= EXCERPTED DATA =
┄┄┄┄┄┄┄┄┄┄┄┄┄┄┄┄┄┄┄┄

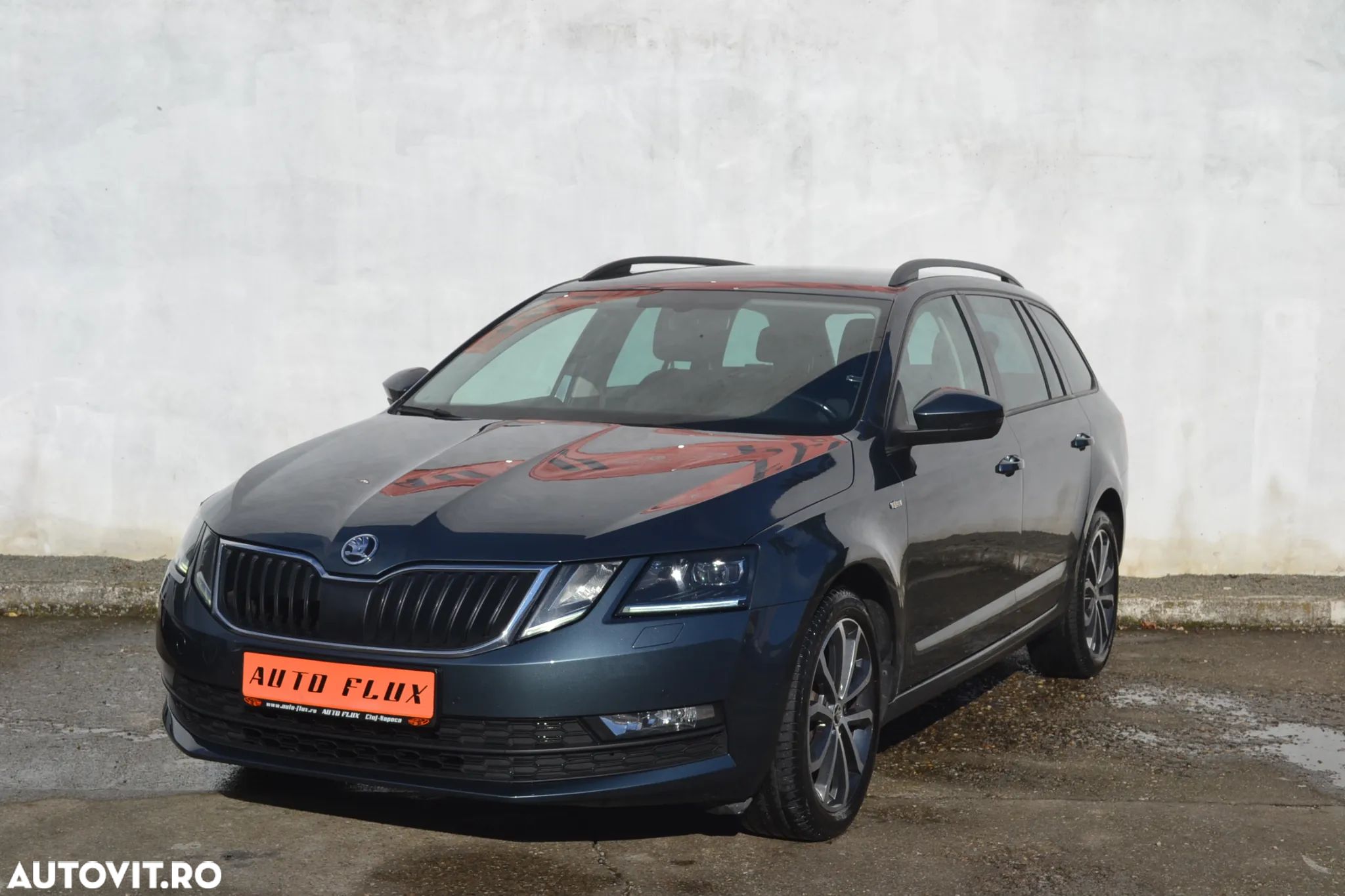 Skoda Octavia Combi Diesel 1.6 TDI DSG Style - 1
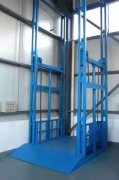 南京厂房电动升降货梯设计安装找重霸起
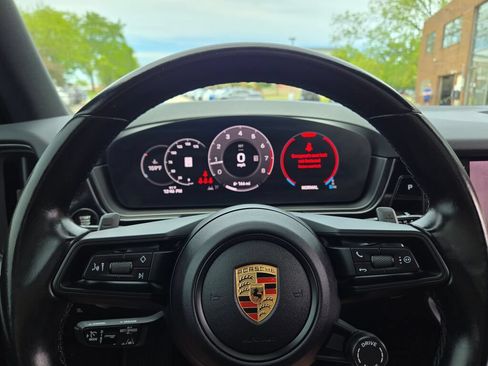 Used 2024 Porsche Cayenne AWD/4WD image 47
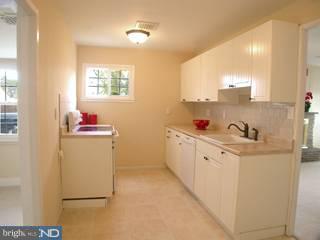 216 Yorkshire Road Fairless Hills, PA 19030 - Photo 3 of 6 Gallery Image 3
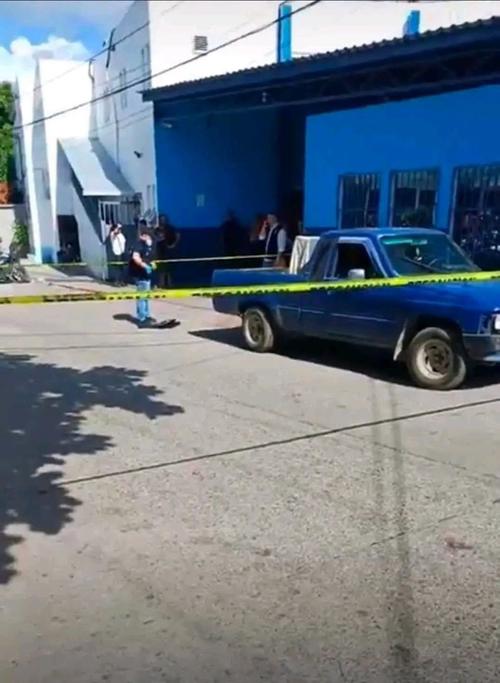 En este transporte fue trasladada una de las v&iacute;ctimas del ataque armado. (Foto v&iacute;a: RRSS)
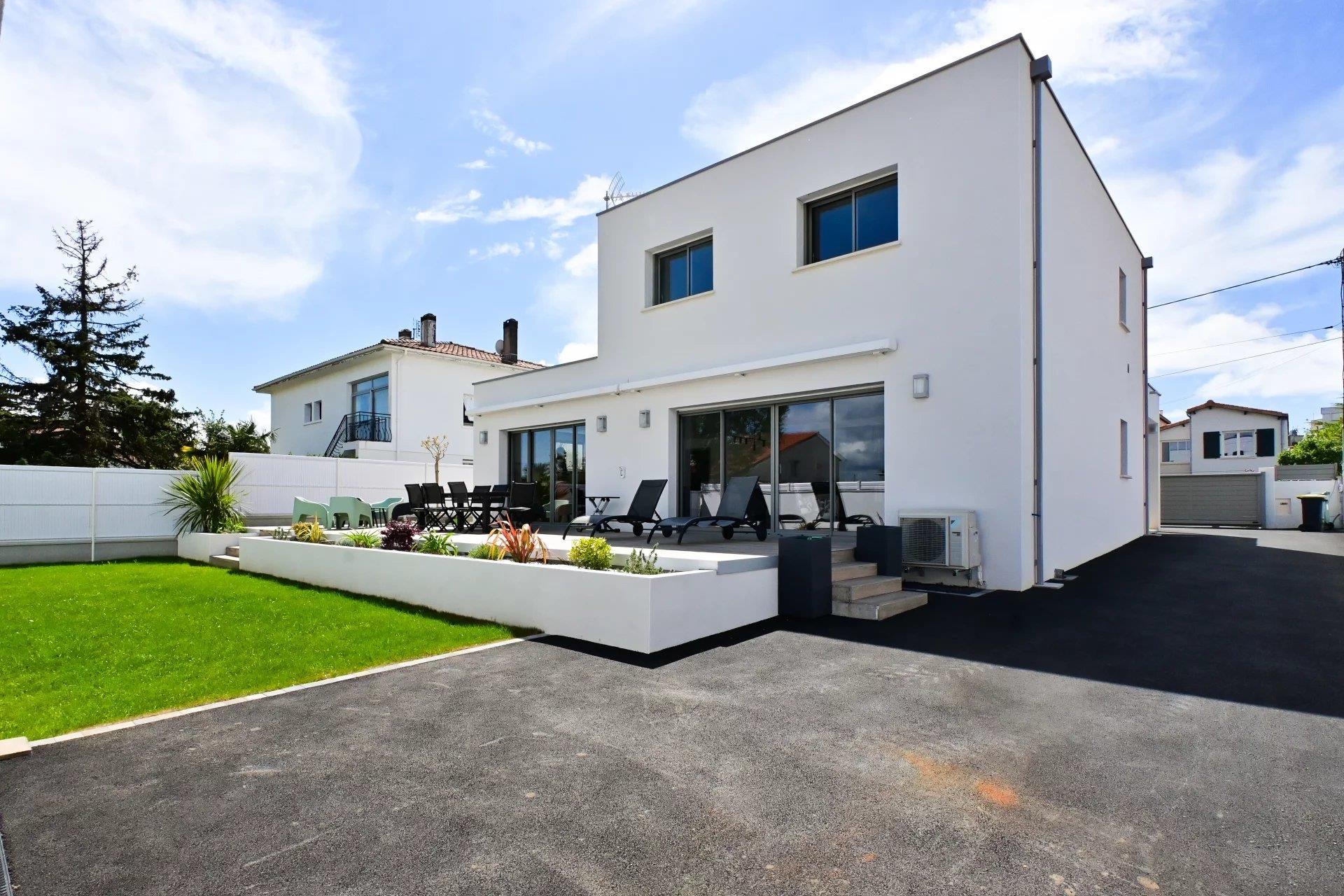 Modern house in Vaux-sur-Mer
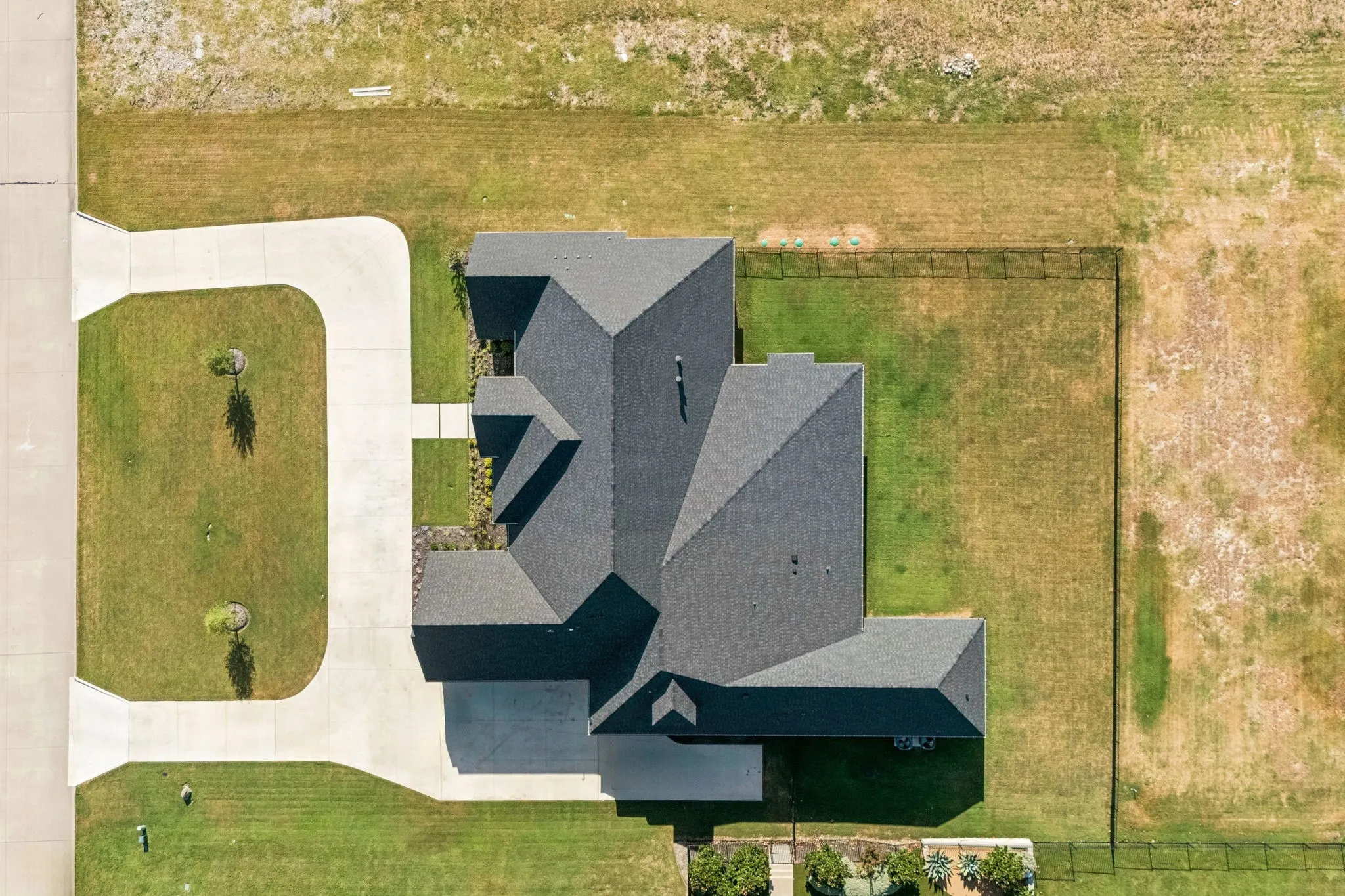 Single Family Residence For Sale in Collin County , 122 Ford Court, Weston, Texas 75009, 5 Bedroom, 6 Bathroom, 4 Garage spaces, 5,866 Sqft, built in 2024, mls#21359465, Real Estate Agent in Weston, Homes For Sale in Collin county, Homes For Sale in Weston, Realtor in Weston Texas, Real Estate Brokerage Independent Realty Texas, Luminita Cordes Realtor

┄┄┄┄┄┄┄┄┄┄┄┄┄┄┄┄┄┄┄┄

= TASK PROMPT =
Return all of the data exactly as written, and drop the pictures.

= FINISHED TASK =
 Skoda Octavia Combi Diesel 1.6 TDI DSG Style - 1
 南京厂房电动升降货梯设计安装找重霸起
 Used 2024 Porsche Cayenne AWD/4WD image 47
 216 Yorkshire Road Fairless Hills, PA 19030 - Photo 3 of 6 Gallery Image 3
 En este transporte fue trasladada una de las v&iacute;ctimas del ataque armado. (Foto v&iacute;a: RRSS)
 Modern house in Vaux-sur-Mer
 Single Family Residence For Sale in Collin County , 122 Ford Court, Weston, Texas 75009, 5 Bedroom, 6 Bathroom, 4 Garage spaces, 5,866 Sqft, built in 2024, mls#21359465, Real Estate Agent in Weston, Homes For Sale in Collin county, Homes For Sale in Weston, Realtor in Weston Texas, Real Estate Brokerage Independent Realty Texas, Luminita Cordes Realtor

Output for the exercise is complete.